Landlords’ immigration checks now unlikely
01/03/2019
Landlords’ immigration checks now unlikely

A recent High Court decision in England now means the prospect of Landlords “policing” the immigration or nationality status of their tenants has now receded.
 

The “right to rent” scheme was introduced in England in 2016 in order to evaluate its effectiveness. The scheme required private landlords to check the status of potential tenants to ensure they had the right to remain in the UK and, if so, would then be entitled to rent the property. A failure to carry out these checks was a criminal offence punishable by up to  five years imprisonment or a fine.
 

The UK Government’s aims were two-fold.

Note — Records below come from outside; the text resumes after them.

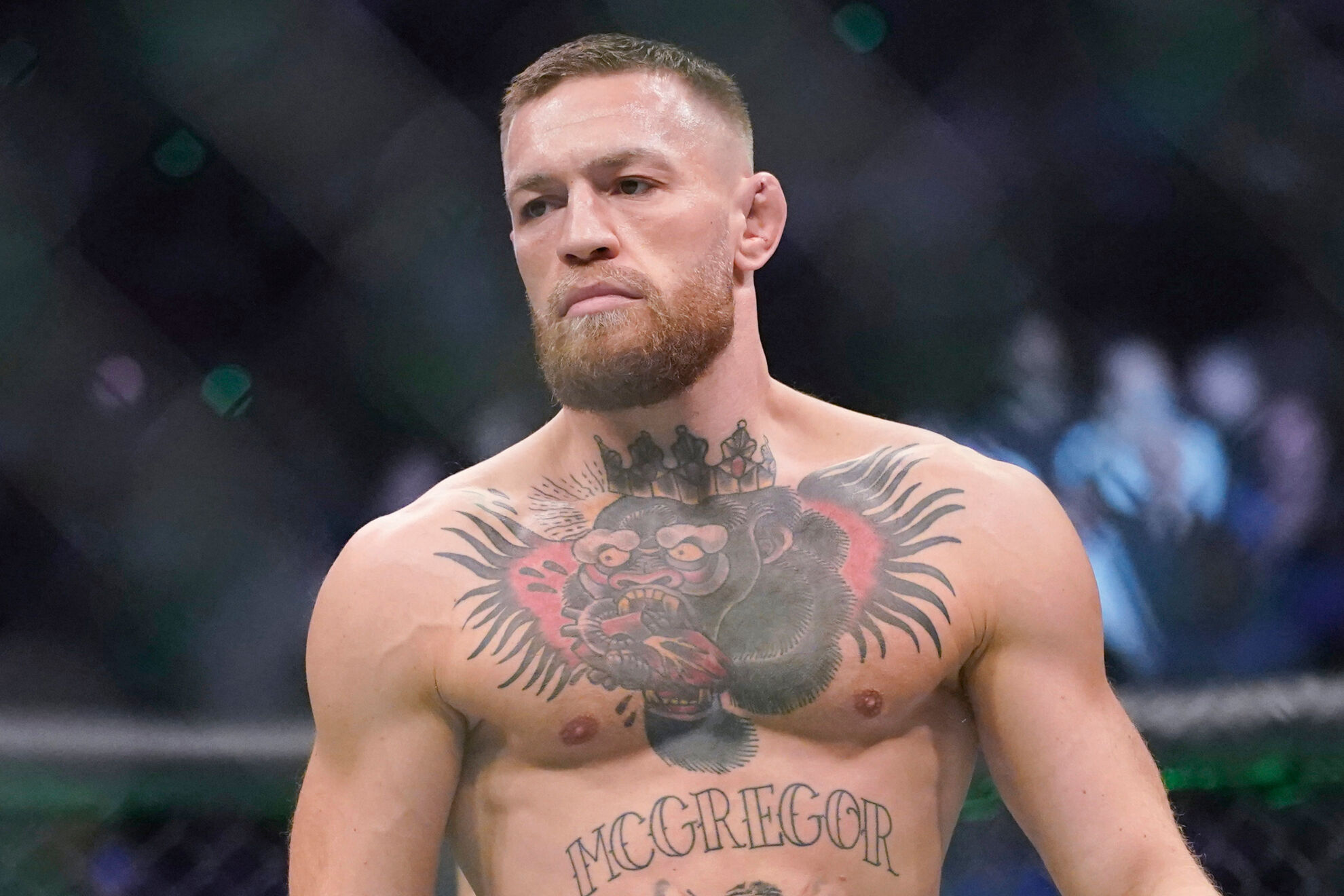 Conor McGregor cosecha lo que sembr.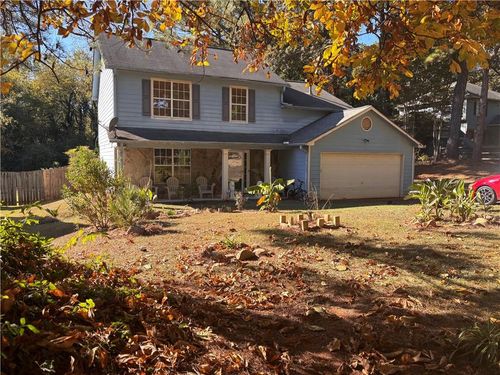 1255 To Lani Dr, Stone Mountain, GA, 30083-5379 | Card Image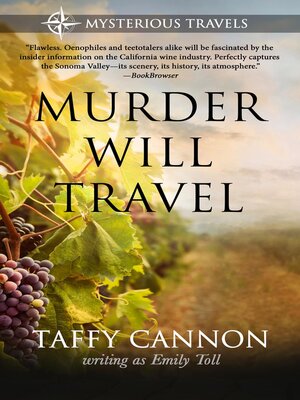 cover image of Murder Will Travel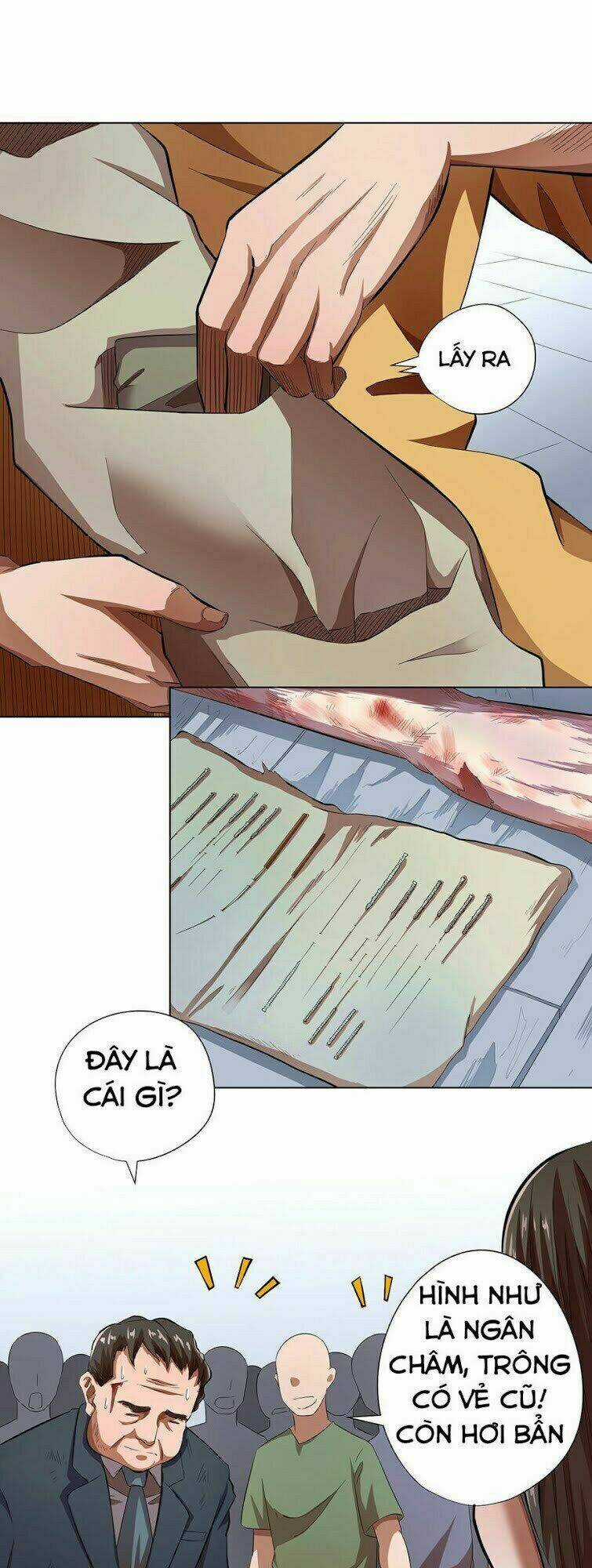 Nghịch Thiên Thần Y - Chapter 16 - Trang 3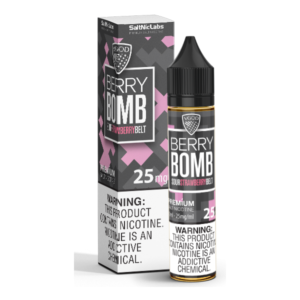 VGOD Salt Nic Iced Berry Bomb 30mL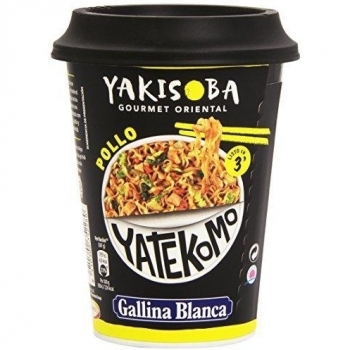 Yakisoba di Pollo Taitei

Firstly, to ensure the availability of private rented property for UK citizens and those entitled to reside in the UK and, secondly, to outlaw unscrupulous landlords who might otherwise exploit illegal immigrants and allow them to be penalised for doing so.
 

This scheme was introduced  by the Immigration Act 2014  (click here to view) where Sections 20 – 37 deal specifically with the prohibition of tenancies to persons who have no entitlement to reside in the UK. Section 21 outlines the principal provision and you can view that here.
 

The plan was to roll the scheme out to other parts of the UK if the scheme had proved successful in England. The Scottish Association of Landlords has long opposed its introduction in Scotland
 

The argument laid before the court was that the practice was discriminatory and incompatible with Article 14 of the European Convention on Human Rights when read in conjunction with Article 8. You can read the European Convention on Human Rights by clicking here.
 

What actually happened was that landlords erred on the side of caution when seeking tenants for their properties and this led to people who were perfectly entitled to reside in the UK being turned away because of their apparent race or ethnicity.

The Judge, Mr Justice Martin Spencer, agreed that the legislation was incompatible with the European Convention on Human Rights and also said it would be unsafe to roll it out to Scotland and other parts of the UK. In his judgement he said: “In my judgment, the experience of the implementation of the Scheme throughout England has been not that there will be merely a risk of illegality should the Scheme be extended to the devolved territories but a certainty of illegality because landlords in those territories will have the same interests and will take into account the same considerations as their counterparts in England.”  (you can read the full judgement here).
 

In his conclusion, Mr Justice Martin Spencer also said: “An Order declaring that a decision by the Defendant [The Home Office}] to commence the Scheme represented by sections 20-37 of the Immigration Act 2014 in Scotland, Wales or Northern Ireland without further evaluation of its efficacy and discriminatory impact would be irrational and would constitute a breach of s. 149 Equality Act 2010.”
 

The UK Government now must review the decision and determine if this should be appealed. Until that decision is made, it’s unlikely the UK Government will consider extending the scheme to Scotland or any other parts of the UK.